Renowned Mexican screenwriter and novelist Alberto Chimal has adapted the original script by Spain’s Josue Ramos for the Alameda Films and Zamora Films co-production.

“It’s a very contained, character-driven story, which I hope to shoot in chronological order,” said Carrera who was drawn to it for its theme of vengeance. He sees it also as a reflection on present times where the omnipresent social media “makes judges of everyone.”

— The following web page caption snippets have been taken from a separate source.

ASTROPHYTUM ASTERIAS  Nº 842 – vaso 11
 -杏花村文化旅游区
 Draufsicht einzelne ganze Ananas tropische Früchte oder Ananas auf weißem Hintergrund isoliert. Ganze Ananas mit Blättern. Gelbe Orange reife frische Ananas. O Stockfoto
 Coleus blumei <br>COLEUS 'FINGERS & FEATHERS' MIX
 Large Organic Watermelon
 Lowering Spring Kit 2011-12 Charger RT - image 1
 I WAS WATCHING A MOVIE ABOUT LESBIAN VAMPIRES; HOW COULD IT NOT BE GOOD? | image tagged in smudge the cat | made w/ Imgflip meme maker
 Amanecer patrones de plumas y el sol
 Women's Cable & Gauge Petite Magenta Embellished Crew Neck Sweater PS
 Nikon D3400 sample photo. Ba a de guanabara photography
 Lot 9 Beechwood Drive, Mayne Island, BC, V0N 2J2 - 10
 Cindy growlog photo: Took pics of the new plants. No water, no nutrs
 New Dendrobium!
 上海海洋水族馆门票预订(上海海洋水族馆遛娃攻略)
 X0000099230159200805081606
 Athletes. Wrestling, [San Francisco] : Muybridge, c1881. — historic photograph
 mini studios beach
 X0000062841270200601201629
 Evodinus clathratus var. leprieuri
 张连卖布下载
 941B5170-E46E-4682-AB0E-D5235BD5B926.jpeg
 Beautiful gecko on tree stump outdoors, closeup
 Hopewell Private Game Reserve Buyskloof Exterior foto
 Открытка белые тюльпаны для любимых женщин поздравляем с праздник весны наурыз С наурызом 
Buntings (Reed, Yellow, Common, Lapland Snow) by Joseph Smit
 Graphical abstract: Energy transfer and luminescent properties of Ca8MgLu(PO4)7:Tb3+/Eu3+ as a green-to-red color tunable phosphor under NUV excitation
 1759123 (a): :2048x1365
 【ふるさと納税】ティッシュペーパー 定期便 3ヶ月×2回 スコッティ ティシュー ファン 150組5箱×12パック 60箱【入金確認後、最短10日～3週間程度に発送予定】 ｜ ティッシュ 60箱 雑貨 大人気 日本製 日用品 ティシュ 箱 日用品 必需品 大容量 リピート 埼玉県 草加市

“Confessions” takes place during a day in the home of a prominent Mexico City couple who discover that their daughter has been abducted. Hours later, the kidnappers appear at their stately home and to the family’s shock, do not demand a ransom. Instead they reveal that someone in the family harbors a dark secret, which must be confessed to the rest if they want their child returned.

“At this point, we don’t know whom they’re referring to as they all start to talk,” said Carrera, adding that at the end of the day, “We all have deep dark secrets to confess.”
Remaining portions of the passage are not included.